*RECORDED DATA:*

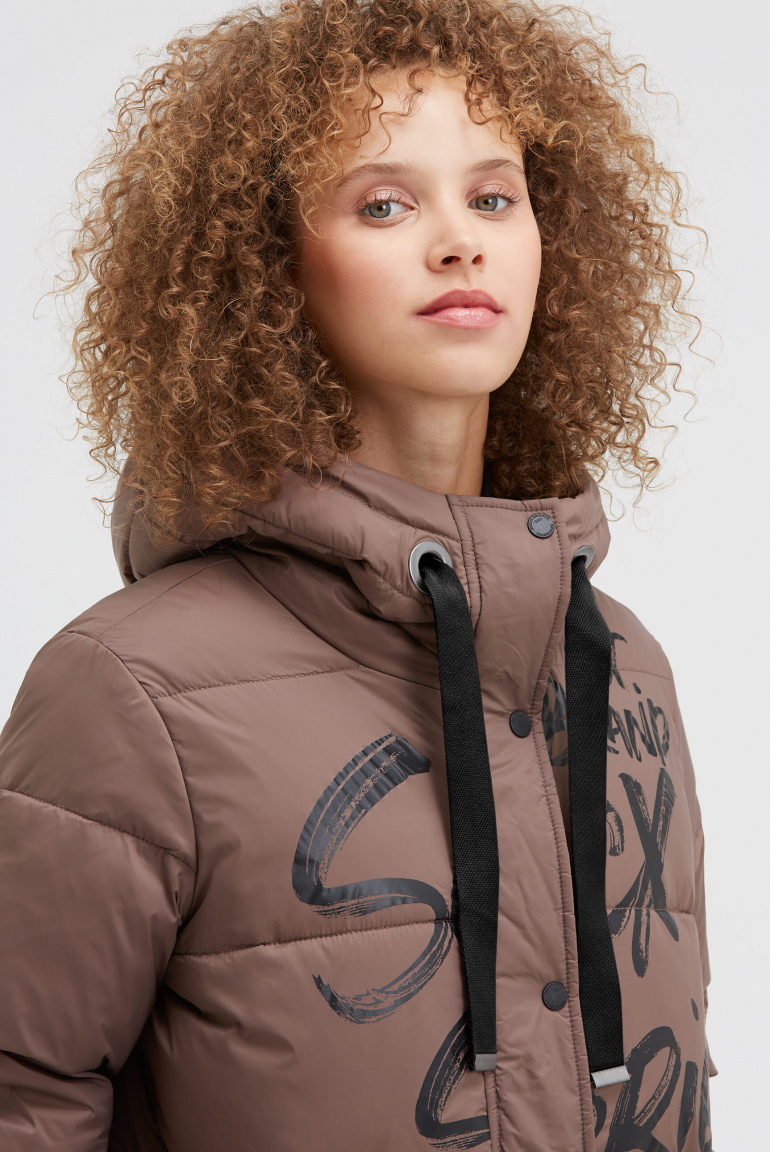 Prošívaný kabát s kapucí a potisky loga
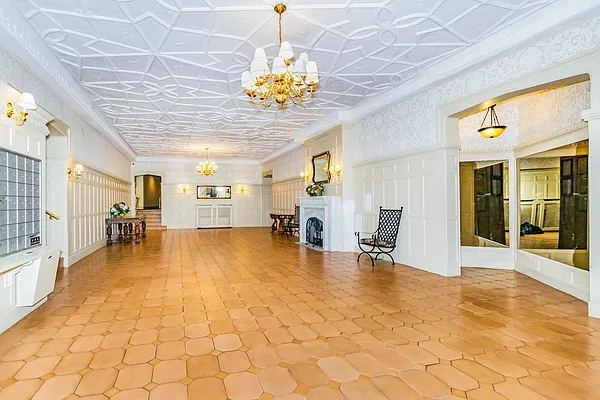 Sold by Brown Harris Stevens | media 22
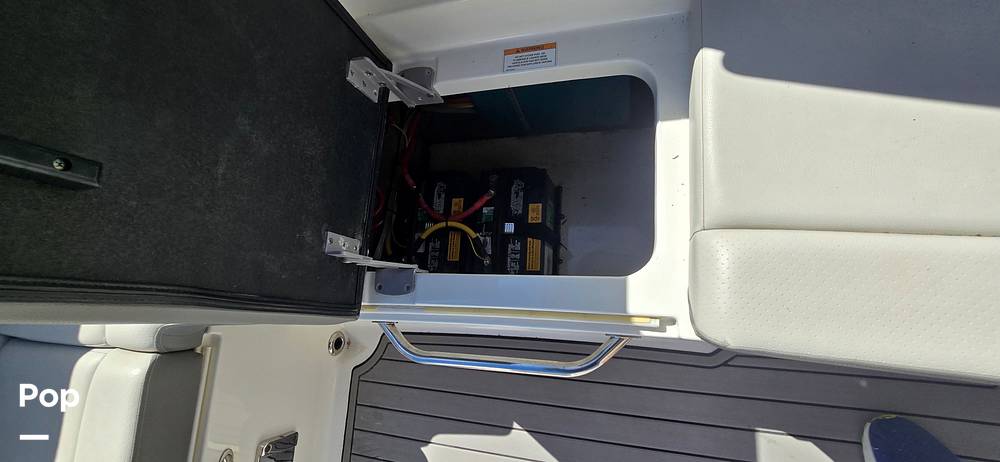 Slide: The Image of Sea Ray SDX 290 Outboard 2023 - 132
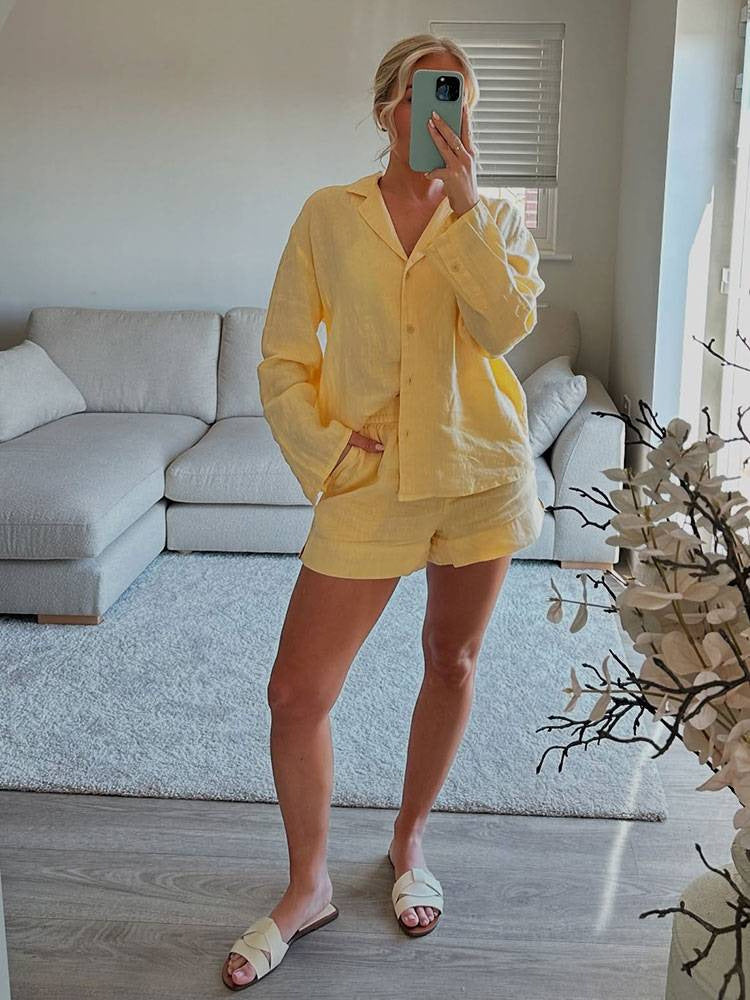 Completo donna, camicia e shorts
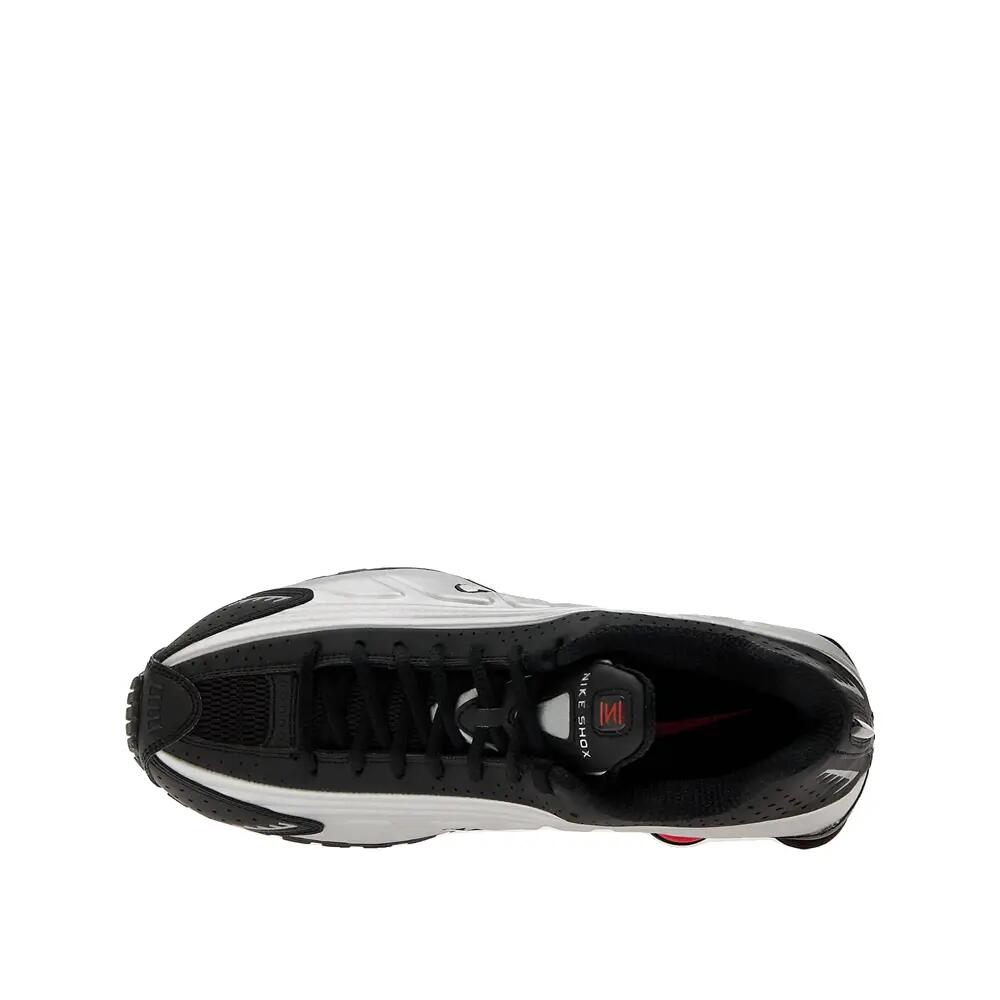 Nike Shox R4 OG Black Metallic Silver 4/7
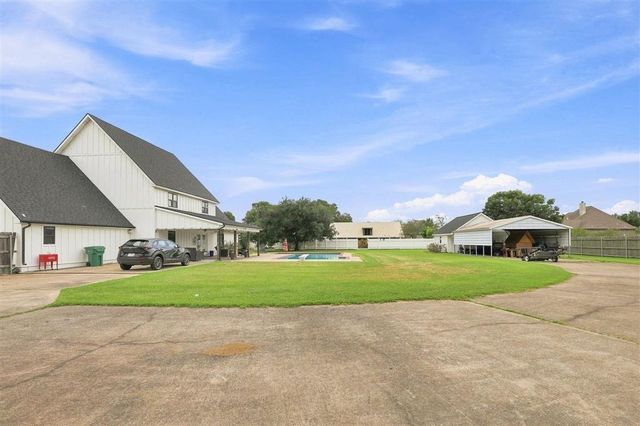 903 N Prairie View Drive, Lake Charles, LA 70605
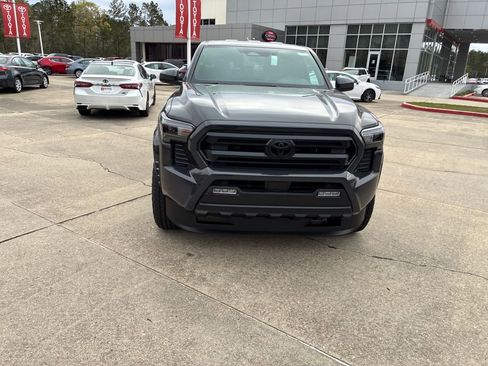 New 2026 Toyota Tacoma SR5 image 10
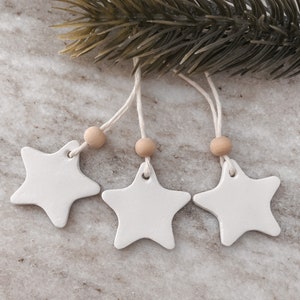 Skandi Stars décorations d'arbres en argile Étoiles Décorations pour arbres de Noël Pendentif en argile Arbre de Noël scandinave minimaliste nordique 3er Set klein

*THE PROBLEM:* Each record above must be set down again unchanged, with its pictures left out.

*SOLUTION FOR THIS PROBLEM:*
 Prošívaný kabát s kapucí a potisky loga
 Sold by Brown Harris Stevens | media 22
 Slide: The Image of Sea Ray SDX 290 Outboard 2023 - 132
 Completo donna, camicia e shorts
 Nike Shox R4 OG Black Metallic Silver 4/7
 903 N Prairie View Drive, Lake Charles, LA 70605
 New 2026 Toyota Tacoma SR5 image 10
 Skandi Stars décorations d'arbres en argile Étoiles Décorations pour arbres de Noël Pendentif en argile Arbre de Noël scandinave minimaliste nordique 3er Set klein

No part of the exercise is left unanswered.